Some of that sounds like Art of FACELESS (oh the irony!).
I’m now ‘retired’. I’ve watched this happen enough times that the pattern recognition is basically involuntary now. Good people. Good ideas. A community forms. A nonprofit status gets filed. Sponsors appear. A travel scholarship fund gets announced for “underrepresented groups.” The flagship event stays in the same city for nine years running. Then one day you look up and someone’s driving a Porsche and explaining, very patiently, why the corporate partnership is actually fine.
So. IndieWeb. Let’s do this properly.
What They’re Actually Saying
Strip the developer-speak and the core of IndieWeb is embarrassingly simple: own your domain. Publish there first. Own your content. Don’t hand your creative output to a platform that can delete it, monetise it, or disappear overnight and take everything with it. Sound familiar? Yeah, it’s basically what we’ve been advocating since, like, 2010 when the writing was on the wall of T&Cs of Facebook et al.
That’s it. The POSSE model — Publish on Your Own Site, Syndicate Elsewhere — is a formal name for what any creator with a functioning brain should have been doing all along. Put it on your turf. Push it outward. Don’t mistake the platform’s algorithm for your audience.

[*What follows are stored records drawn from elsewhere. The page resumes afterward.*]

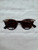 Used Kate Spade New York Sunglasses 60060-S000657625 View 2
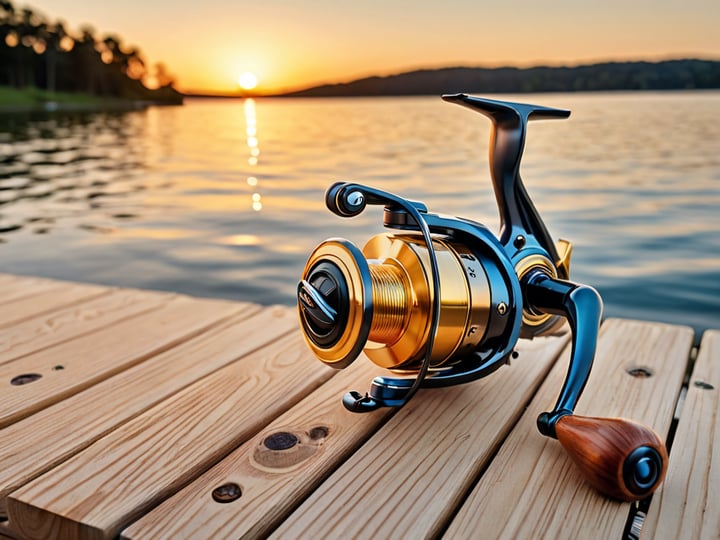 4000-Fishing-Reel-3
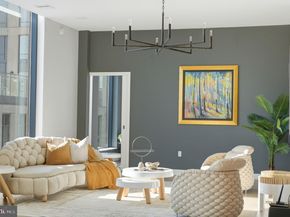 1650 Silver Hill Drive 2507, Mclean VA 22102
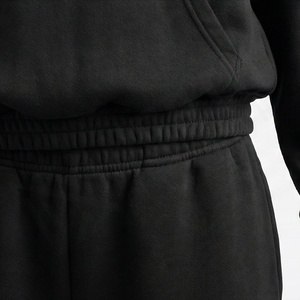 Ensemble de survêtement deux pièces pour femme, automne 2025, sweat-shirt à manches longues zippé, pantalon long, tenues de jogging, ensembles de survêtement en molleton doux, vêtements de sport décontractés - Product Image 5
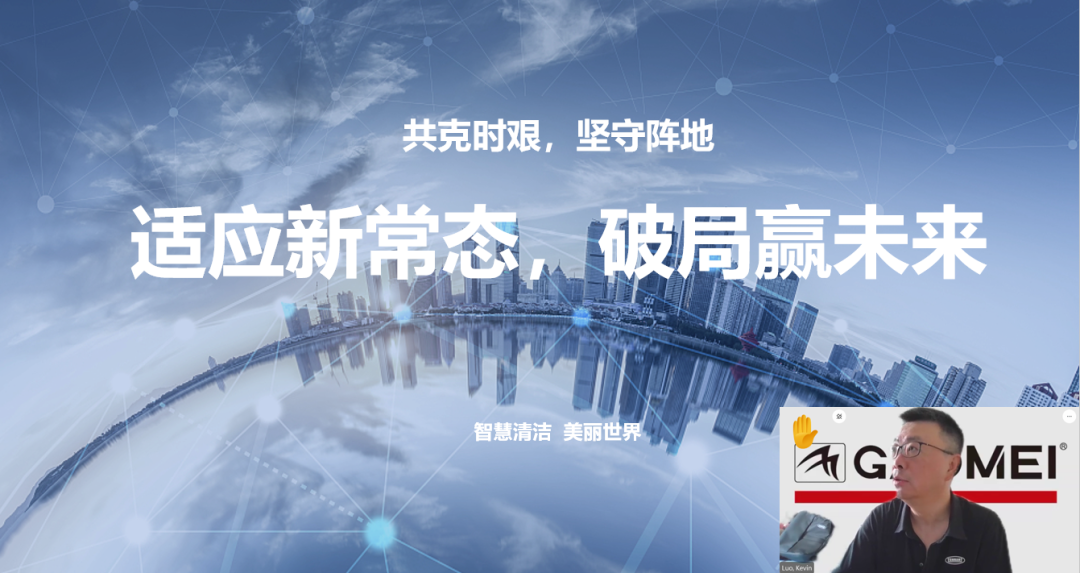 &#20061;&#24030;&#32593;&#95;&#20061;&#24030;&#65288;&#20013;&#22269;&#65289;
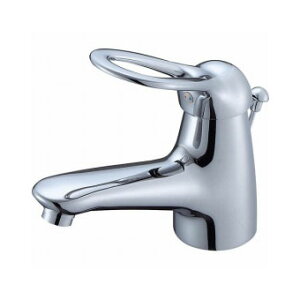 Oh VOz[ʍyK4770PJK-13zyK4770PJK13z[Vi] [SANEI] yiz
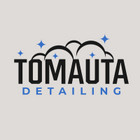 Tomauta Detailing Tomauta Detailing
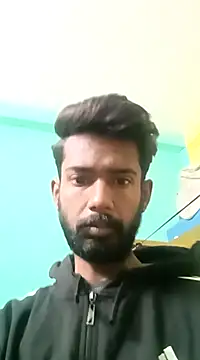 Snapshot of NICK_IN chatting on 12.17.24 NICK IN online show from 12.17.24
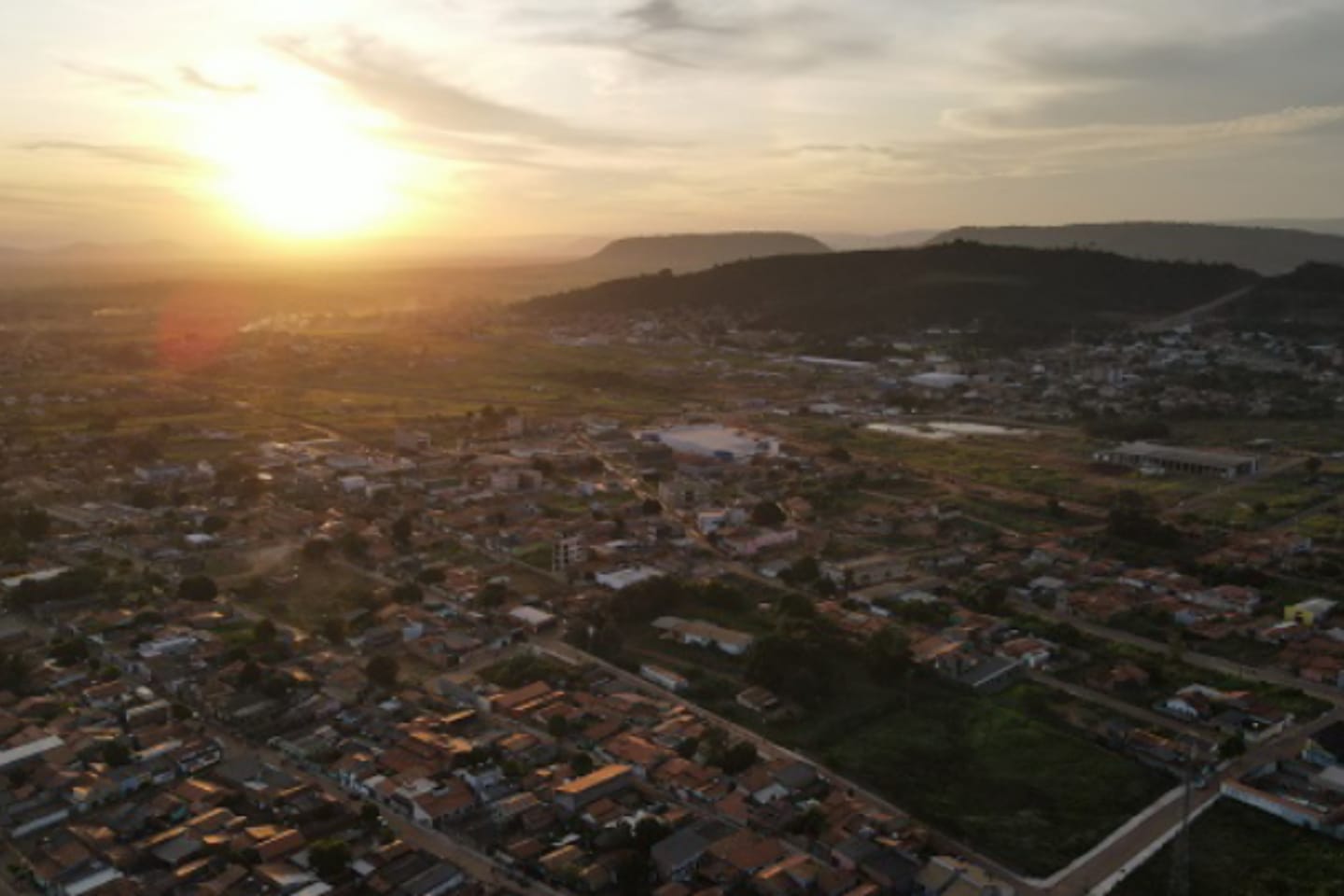 IPTU 2022: Saiba como pagar com 20% de desconto em Canaã dos Carajás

Art of FACELESS has operated this principle without the acronym. artoffaceless.com is the hub. Always has been. Everything else is signal distribution. We’ve watched platforms eat people’s entire catalogues — years of work, gone because a company pivoted or an account got flagged or a moderator had a bad day. We built accordingly. Apparently there’s now a community wiki for that.
Fair enough.
The Geography Problem
Here’s where I get difficult. And specific.

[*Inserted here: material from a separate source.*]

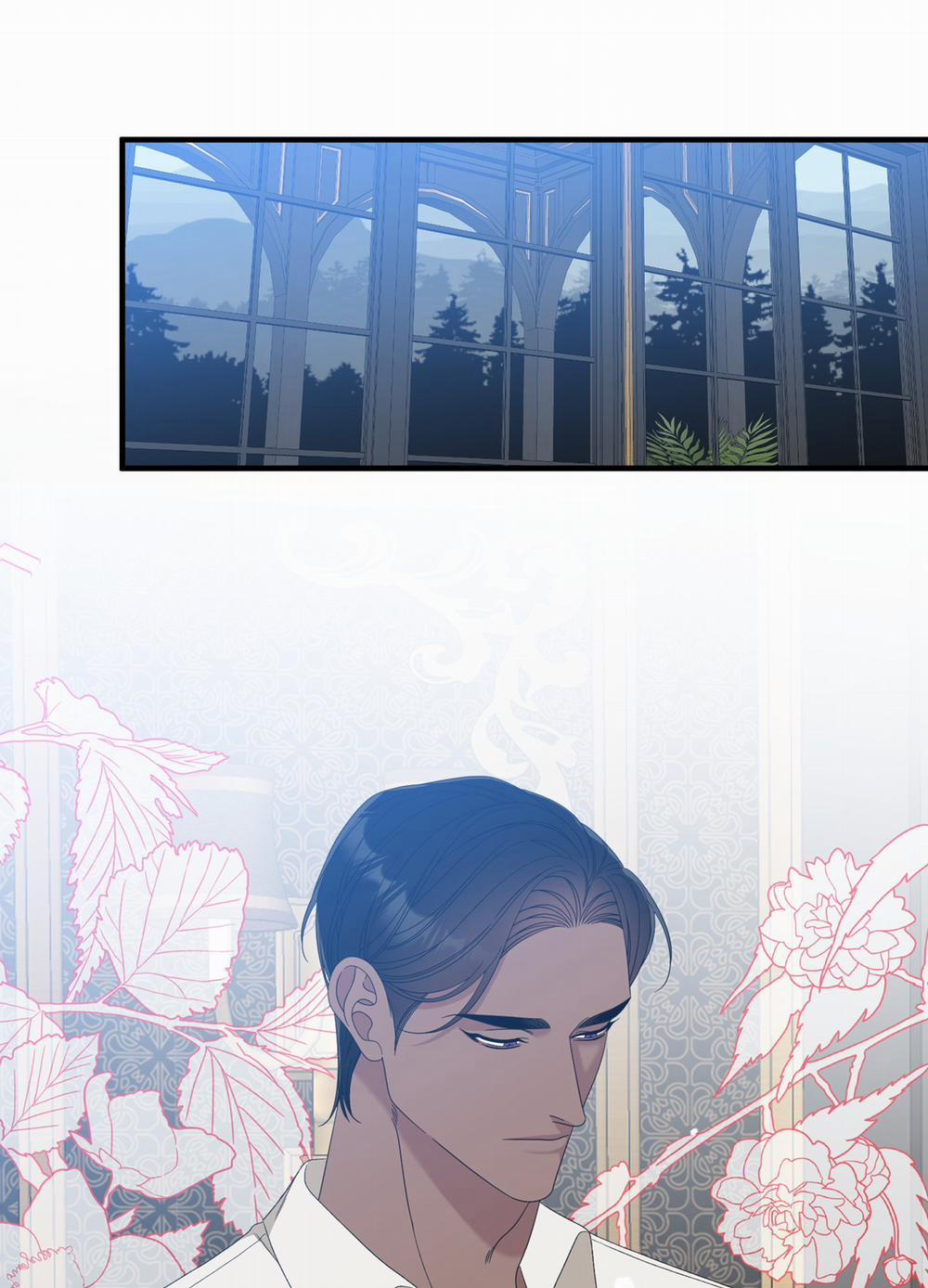 Smirna And Capri 59.1 trang 25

IndieWeb was founded in 2011 by Tantek Çelik and Aaron Parecki, out of Portland, Oregon. The annual IndieWeb Summit — their flagship gathering — was held in Portland every single year from 2011 to 2019. Nine consecutive years. One city. One country. Their own fundraising copy, to this day, describes “motivated local groups all over the US Europe” — no comma, note, between US and Europe, as though the second is a footnote to the first.

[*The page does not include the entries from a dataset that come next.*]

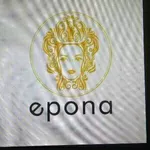 Business logo of Epona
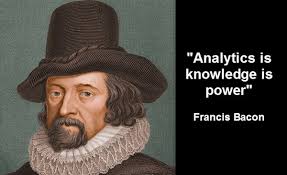 20 Inspiring (Mildly Edited) Historical Quotes About SEO &amp; Social ... via Relatably.com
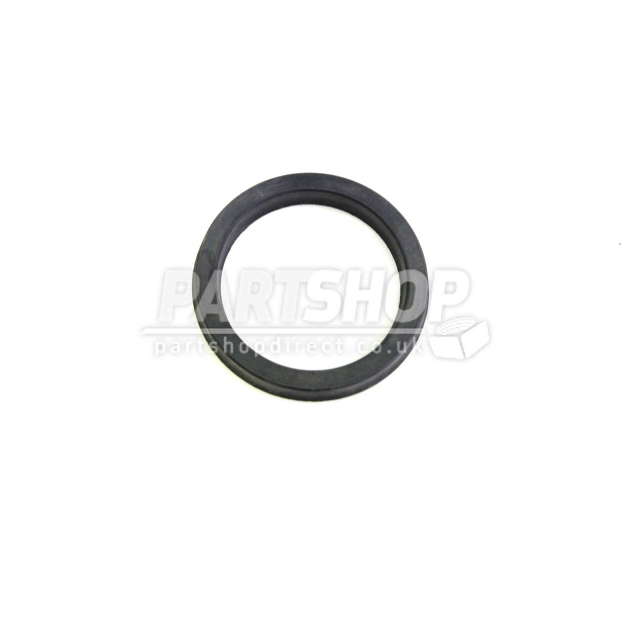 Makita HM1303B Demolition Hammer Spare Parts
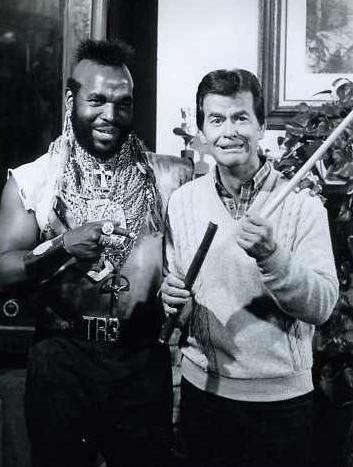 porn photo 2020 - Mr t toughest bouncer midget toss Porn tube Facts about oil companies and domination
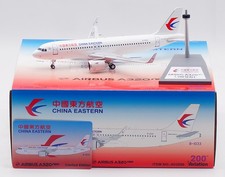 Aviation 1:200  China Eastern
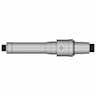 Shaft - Downloadable CAD Representation_90_0_degree_snapshot
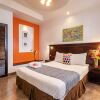 Отель Alajuela City Hotel & Guest House, фото 43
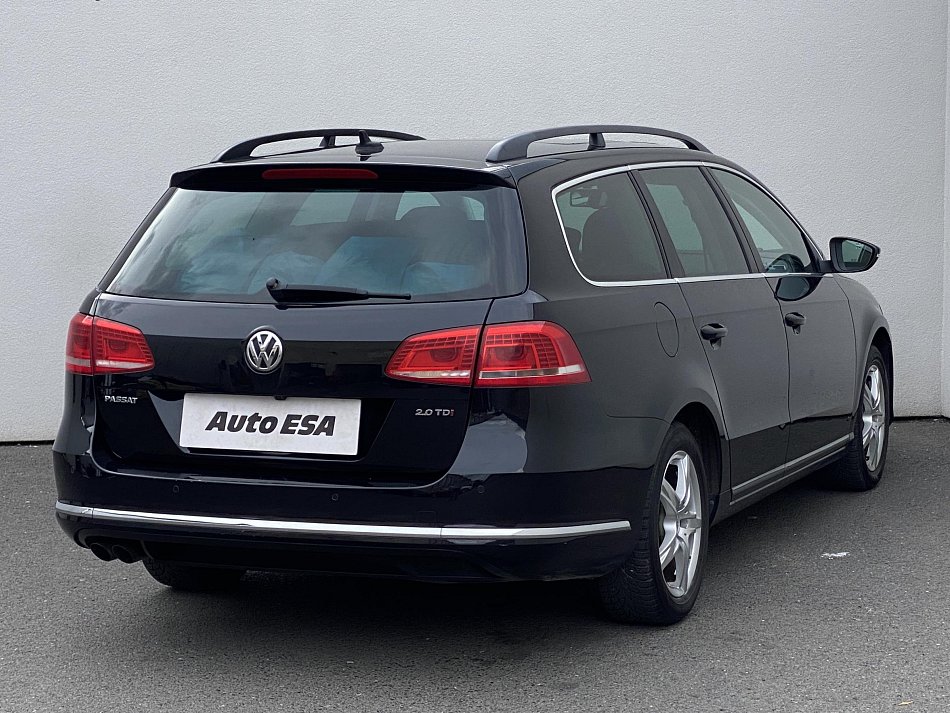 Volkswagen Golf 1.2 TSi Lounge
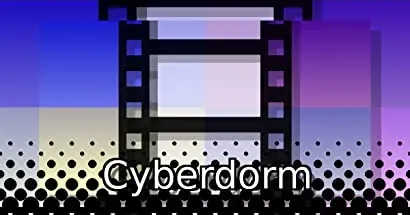 Cyberdorm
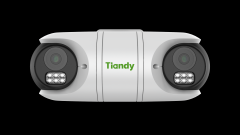首页- 平博pinnacle888公司官网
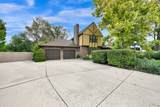 9241 Lisa Ave - Photo 3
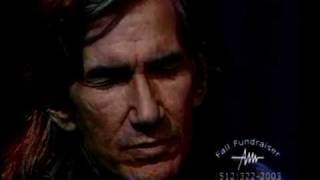 Townes Van Zandt  Flyin Shoes [upl. by Notseh]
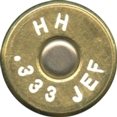 333-FLANGED-HH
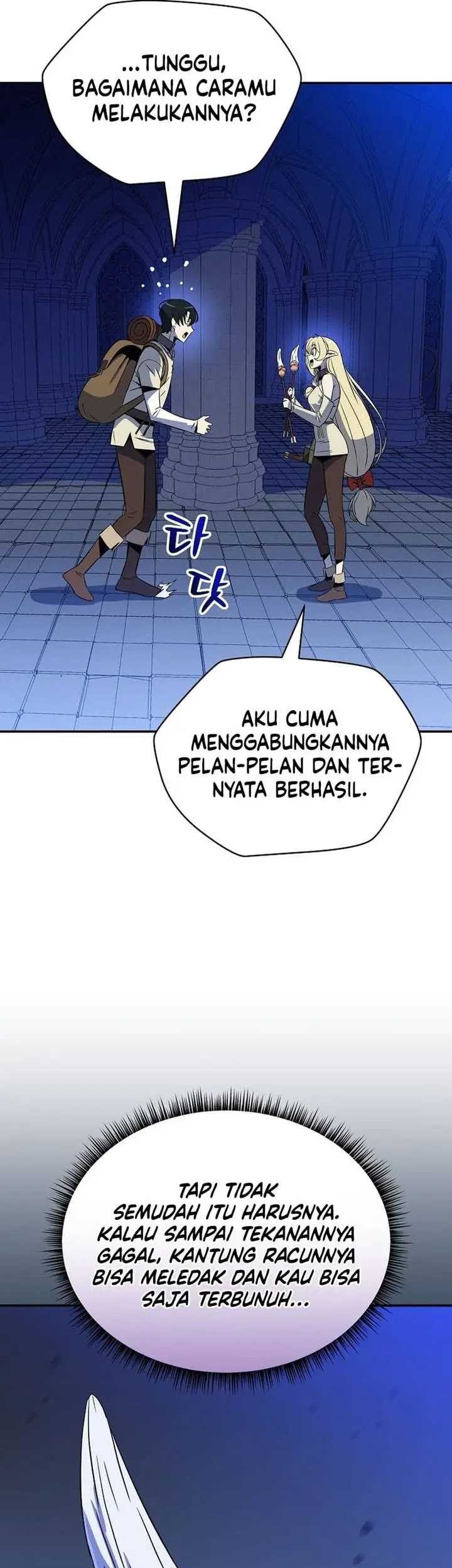 Halaman 224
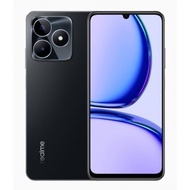 HP REALME C53 6/128 GB - REALME C 53 RAM 8GB ROM 256GB - 8/256 GB Garansi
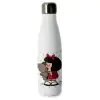 Imagen del producto 8413623166954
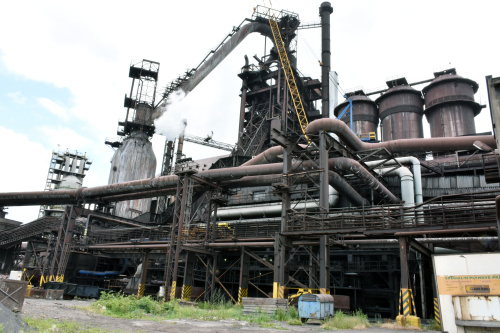 Vysoka pec 6.jpg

Parecki’s day job is Director of Identity Standards at Okta — a major commercial identity management corporation. Çelik works on web standards at Mozilla, which runs on a budget north of half a billion dollars annually. These aren’t garage hackers. They’re credentialled standards professionals with deep institutional roots in the American tech ecosystem. That’s not automatically disqualifying. But it is context.
Their past Summit sponsors have included GoDaddy. I’ll let that sit there for a moment. GoDaddy — the domain registrar best known for predatory upselling, domain parking fees, and building the most hostile possible onboarding experience for non-technical users — was welcomed as an aligned sponsor of a movement supposedly about empowering independent creators. That tells you something about whose independence they were imagining.
The founding event geography tells you the rest. Portland. SF. NYC — the latter hosted at the New York Times offices and Mozilla Manhattan. These aren’t neutral venues. These are the rooms where a particular class of internet professional is already comfortable. A certain kind of person can travel to Portland for a conference on short notice. Most people on earth cannot.
Most people, at the time of writing, in Europe, wouldn’t want to.
Now — and I’m going to be fair here, because fairness is the job — by 2025, events were running in Edinburgh, Düsseldorf, Nuremberg, and Bengaluru. There’s a Homebrew Website Club meeting in a café near Waverley Station. Online sessions carry GMT timezone tags. The infrastructure is genuinely internationalising (even if it is with a z).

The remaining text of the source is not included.